Lastly, we travel all the way to Azerbaijan from where our last spirit hails. Azerbaijan is the largest country in the Caucusus region, and lies on the western shore of the Caspian Sea. Azerbaijan is an ancient land that has been producing wine and spirits for several thousand years. However, with the arrival of Islam, many of the traditions and customs of these ancient peoples did not survive. Fortunately there remain 20 grape varietals that produce all of the country’s wine. Over the years, brandy and vodka production has slowly found its way back to an anxious market. One such success story is the company, Vinagro. First established by German colonists back in 1860, the company is proud of its heritage and the fact that it is the oldest distillery in Azerbaijan. Located near the high altitude lake, Goygol, Vinagro uses only glacier water in the production of its Xan VIP Grape Vodka. Grape vodka? Once again we have find ourselves in the middle of a quandary. Is it vodka or brandy? What is important to note is that Vinagro uses only the finest grapes found within the borders of Azerbaijan. Next, the distillers add a small amount of high quality Lux wheat to enhance the flavor of the spirit.

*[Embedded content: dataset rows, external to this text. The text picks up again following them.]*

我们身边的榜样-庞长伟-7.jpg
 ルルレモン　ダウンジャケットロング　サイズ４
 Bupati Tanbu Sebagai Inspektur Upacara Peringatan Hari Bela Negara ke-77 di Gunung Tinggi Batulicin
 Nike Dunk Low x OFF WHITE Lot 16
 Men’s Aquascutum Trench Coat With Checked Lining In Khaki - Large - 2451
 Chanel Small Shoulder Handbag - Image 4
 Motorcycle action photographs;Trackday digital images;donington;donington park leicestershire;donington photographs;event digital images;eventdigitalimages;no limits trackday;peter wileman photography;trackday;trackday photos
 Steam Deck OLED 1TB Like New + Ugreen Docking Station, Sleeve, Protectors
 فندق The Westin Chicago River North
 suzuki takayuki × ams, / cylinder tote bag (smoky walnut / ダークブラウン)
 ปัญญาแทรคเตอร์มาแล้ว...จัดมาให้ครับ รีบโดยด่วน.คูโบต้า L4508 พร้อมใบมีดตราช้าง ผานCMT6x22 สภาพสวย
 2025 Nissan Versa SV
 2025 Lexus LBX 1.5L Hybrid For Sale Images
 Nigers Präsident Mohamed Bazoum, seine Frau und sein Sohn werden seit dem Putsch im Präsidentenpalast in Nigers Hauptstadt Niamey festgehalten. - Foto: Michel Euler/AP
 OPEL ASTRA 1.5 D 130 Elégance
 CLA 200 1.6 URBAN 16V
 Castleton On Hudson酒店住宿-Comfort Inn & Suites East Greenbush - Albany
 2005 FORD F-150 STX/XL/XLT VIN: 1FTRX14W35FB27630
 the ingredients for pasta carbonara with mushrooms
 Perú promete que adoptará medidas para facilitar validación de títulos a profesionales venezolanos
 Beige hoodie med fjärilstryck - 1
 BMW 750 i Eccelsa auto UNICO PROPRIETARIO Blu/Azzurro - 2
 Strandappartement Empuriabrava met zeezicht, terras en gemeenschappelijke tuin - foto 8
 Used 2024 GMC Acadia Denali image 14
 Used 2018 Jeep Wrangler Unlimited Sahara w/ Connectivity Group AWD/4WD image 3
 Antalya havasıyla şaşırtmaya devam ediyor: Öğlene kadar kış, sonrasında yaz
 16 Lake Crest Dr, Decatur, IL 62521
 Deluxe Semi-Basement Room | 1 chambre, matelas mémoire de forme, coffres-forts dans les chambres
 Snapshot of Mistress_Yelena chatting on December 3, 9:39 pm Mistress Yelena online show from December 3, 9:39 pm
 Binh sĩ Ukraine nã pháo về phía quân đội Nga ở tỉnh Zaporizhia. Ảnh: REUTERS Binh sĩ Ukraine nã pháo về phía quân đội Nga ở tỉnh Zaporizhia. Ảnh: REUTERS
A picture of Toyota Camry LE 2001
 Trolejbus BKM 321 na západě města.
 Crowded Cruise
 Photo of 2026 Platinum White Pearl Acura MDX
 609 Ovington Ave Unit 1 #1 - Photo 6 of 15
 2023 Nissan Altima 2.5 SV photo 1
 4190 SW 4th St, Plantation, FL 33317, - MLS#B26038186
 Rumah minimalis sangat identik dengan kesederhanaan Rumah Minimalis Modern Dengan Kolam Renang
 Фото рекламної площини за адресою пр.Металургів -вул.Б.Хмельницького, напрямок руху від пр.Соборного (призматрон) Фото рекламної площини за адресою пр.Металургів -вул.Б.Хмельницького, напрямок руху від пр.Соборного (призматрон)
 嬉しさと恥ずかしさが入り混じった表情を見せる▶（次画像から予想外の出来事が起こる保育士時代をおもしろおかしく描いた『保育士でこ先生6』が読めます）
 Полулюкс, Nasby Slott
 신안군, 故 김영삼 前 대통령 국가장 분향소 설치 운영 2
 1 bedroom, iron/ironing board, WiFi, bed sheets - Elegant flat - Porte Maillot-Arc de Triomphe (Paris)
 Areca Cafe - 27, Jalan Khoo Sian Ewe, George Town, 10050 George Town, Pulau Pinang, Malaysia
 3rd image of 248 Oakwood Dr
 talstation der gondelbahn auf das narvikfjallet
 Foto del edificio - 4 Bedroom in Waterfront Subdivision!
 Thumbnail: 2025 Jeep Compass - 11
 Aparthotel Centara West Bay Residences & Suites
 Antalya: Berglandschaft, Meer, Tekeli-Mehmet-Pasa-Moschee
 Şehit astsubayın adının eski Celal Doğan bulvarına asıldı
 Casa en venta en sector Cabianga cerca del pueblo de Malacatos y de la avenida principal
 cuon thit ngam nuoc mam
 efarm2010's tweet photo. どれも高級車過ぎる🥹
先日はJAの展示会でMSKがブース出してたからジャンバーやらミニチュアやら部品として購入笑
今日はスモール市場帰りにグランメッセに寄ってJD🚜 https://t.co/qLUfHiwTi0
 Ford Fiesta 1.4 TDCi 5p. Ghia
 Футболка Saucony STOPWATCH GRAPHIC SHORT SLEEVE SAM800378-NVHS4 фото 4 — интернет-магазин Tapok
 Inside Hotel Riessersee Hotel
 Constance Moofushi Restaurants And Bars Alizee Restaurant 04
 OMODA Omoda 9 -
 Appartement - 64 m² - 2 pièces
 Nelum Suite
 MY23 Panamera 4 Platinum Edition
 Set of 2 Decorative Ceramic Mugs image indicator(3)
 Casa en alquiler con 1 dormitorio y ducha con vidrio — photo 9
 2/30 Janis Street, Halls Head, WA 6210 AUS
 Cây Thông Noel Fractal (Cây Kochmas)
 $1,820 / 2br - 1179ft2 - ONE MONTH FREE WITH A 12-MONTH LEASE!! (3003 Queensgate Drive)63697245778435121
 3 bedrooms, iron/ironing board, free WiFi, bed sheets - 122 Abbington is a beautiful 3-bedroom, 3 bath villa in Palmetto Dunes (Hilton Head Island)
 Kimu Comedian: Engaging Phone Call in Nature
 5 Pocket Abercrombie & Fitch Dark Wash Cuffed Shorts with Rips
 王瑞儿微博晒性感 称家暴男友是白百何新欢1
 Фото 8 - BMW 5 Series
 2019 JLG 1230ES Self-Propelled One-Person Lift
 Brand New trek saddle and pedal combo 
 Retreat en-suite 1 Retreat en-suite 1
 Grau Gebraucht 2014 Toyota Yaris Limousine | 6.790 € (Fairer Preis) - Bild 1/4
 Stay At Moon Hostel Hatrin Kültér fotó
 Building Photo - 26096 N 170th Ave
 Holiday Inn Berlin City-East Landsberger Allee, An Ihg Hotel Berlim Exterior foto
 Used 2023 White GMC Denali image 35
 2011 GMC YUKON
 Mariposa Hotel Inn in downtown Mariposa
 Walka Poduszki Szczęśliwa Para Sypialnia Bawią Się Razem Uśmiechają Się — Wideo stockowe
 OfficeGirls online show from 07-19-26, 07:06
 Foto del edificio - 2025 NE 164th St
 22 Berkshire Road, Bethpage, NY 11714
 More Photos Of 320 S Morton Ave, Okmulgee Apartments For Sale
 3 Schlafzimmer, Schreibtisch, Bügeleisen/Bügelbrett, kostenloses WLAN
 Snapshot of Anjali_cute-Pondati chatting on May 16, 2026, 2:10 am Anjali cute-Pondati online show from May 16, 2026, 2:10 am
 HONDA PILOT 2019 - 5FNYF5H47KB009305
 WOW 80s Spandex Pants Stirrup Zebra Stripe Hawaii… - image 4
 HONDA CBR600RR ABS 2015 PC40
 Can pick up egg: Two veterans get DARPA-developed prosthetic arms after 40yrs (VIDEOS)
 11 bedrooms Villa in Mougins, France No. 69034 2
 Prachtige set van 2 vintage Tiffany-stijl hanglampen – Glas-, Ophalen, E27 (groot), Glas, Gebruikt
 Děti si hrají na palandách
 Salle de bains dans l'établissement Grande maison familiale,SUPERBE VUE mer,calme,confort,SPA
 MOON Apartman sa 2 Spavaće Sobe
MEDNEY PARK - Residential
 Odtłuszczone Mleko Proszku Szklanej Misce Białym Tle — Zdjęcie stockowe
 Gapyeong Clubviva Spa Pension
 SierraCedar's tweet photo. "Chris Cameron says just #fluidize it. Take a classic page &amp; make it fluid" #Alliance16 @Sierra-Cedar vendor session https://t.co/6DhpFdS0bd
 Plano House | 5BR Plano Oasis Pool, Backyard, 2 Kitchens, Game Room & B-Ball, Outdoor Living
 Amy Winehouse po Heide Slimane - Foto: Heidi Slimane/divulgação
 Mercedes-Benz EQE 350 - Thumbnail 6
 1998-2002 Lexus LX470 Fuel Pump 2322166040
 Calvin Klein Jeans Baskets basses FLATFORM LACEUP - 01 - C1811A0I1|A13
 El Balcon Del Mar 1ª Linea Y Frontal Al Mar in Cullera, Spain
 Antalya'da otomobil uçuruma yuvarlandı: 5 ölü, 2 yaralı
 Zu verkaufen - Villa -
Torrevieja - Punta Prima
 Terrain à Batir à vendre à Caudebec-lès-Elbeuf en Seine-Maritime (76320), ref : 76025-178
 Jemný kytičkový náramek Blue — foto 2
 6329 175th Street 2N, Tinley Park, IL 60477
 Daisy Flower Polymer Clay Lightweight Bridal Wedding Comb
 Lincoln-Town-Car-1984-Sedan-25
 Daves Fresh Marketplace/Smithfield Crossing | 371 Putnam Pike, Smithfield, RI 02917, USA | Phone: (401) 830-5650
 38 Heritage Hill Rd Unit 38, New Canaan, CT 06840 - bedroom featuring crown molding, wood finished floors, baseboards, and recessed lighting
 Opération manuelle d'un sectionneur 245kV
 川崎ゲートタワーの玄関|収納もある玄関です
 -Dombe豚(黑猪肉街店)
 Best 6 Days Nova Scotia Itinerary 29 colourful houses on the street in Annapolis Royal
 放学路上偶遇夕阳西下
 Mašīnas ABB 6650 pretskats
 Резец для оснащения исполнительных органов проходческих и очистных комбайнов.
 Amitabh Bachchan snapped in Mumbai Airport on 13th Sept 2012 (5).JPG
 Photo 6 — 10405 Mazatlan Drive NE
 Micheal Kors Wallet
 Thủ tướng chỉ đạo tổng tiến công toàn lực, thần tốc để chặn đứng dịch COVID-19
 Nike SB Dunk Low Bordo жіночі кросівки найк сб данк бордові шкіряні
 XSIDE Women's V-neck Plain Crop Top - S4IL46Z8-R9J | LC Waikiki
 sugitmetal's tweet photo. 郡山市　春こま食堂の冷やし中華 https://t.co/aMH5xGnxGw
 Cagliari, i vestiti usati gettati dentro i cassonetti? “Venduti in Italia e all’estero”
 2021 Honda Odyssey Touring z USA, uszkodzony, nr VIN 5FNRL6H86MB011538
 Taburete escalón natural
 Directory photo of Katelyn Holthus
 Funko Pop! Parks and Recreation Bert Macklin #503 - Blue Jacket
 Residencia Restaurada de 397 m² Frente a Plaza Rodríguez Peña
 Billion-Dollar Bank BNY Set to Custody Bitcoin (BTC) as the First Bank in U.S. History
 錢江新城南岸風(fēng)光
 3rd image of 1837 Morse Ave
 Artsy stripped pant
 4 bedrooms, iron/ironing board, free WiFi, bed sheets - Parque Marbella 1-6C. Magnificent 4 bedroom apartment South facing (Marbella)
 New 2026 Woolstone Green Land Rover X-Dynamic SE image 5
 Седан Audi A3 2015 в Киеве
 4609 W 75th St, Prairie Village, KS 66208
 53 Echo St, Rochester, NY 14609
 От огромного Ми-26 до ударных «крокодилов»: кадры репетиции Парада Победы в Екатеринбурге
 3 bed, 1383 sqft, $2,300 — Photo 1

To add to the confusion, Vinagro purifies its spirit by a silver richened coconut activated coal. In the glass, Xan is clear. The nose is clean and almost odorless with only the faintest hint of fruit. On the palate, Xan is mild, pure, and balanced. The finish is clean, with very little burn. The alcohol content is 40% with a bottle price of $40. This is a perfect spirit to be enjoyed neat. Xan can be used in cocktails, however it is likely that the grape spirit would be lost to the mix.
Eve Hammond Bushman and Rusty Sly, I’m in the mood for a martini. I think that I’ll give the Borovicka a whirl and see how well it mixes in in a Vesper.